Near Real-time Learning and Extraction of Attack Models from Intrusion Alerts
This addresses the challenge for SOC analysts who are inundated with alerts and need actionable intelligence, though it appears incremental as it builds on existing unsupervised learning approaches.
The paper tackles the problem of overwhelming intrusion alerts in Security Operation Centers by deploying ASSERT, an unsupervised learning system that extracts and updates attack models in near real-time from streaming alerts, generating a small number of statistical models to help analysts comprehend attacks.

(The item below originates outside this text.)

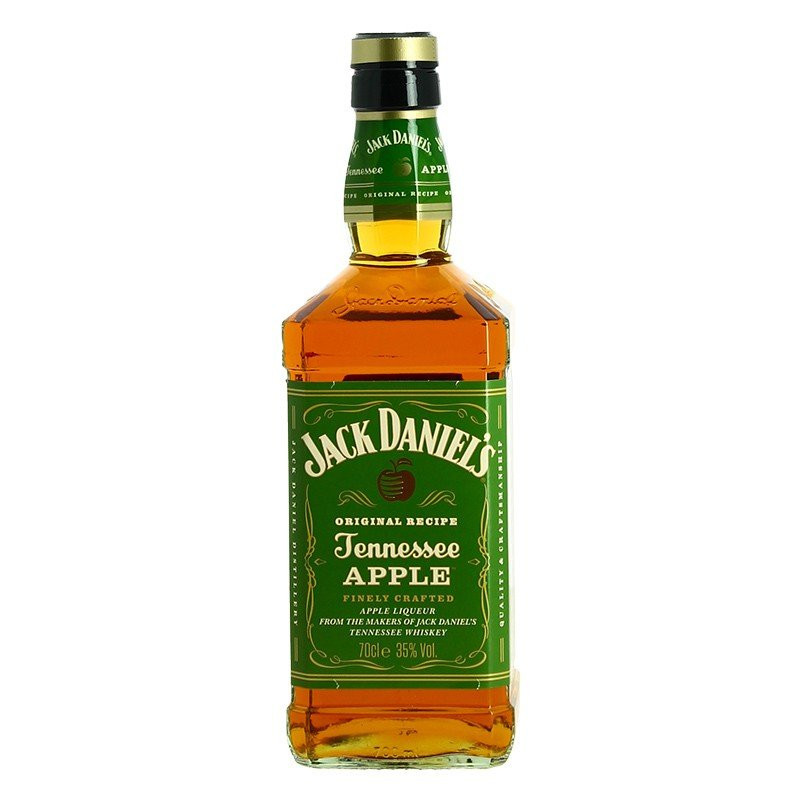 buy tax free jack daniel's tennessee whiskey in calais Jack apple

Critical and sophisticated cyberattacks often take multitudes of reconnaissance, exploitations, and obfuscation techniques to penetrate through well protected enterprise networks. The discovery and detection of attacks, though needing continuous efforts, is no longer sufficient. Security Operation Center (SOC) analysts are overwhelmed by the significant volume of intrusion alerts without being able to extract actionable intelligence. Recognizing this challenge, this paper describes the advances and findings through deploying ASSERT to process intrusion alerts from OmniSOC in collaboration with the Center for Applied Cybersecurity Research (CACR) at Indiana University. ASSERT utilizes information theoretic unsupervised learning to extract and update `attack models' in near real-time without expert knowledge. It consumes streaming intrusion alerts and generates a small number of statistical models for SOC analysts to comprehend ongoing and emerging attacks in a timely manner. This paper presents the architecture and key processes of ASSERT and discusses a few real-world attack models to highlight the use-cases that benefit SOC operations. The research team is developing a light-weight containerized ASSERT that will be shared through a public repository to help the community combat the overwhelming intrusion alerts.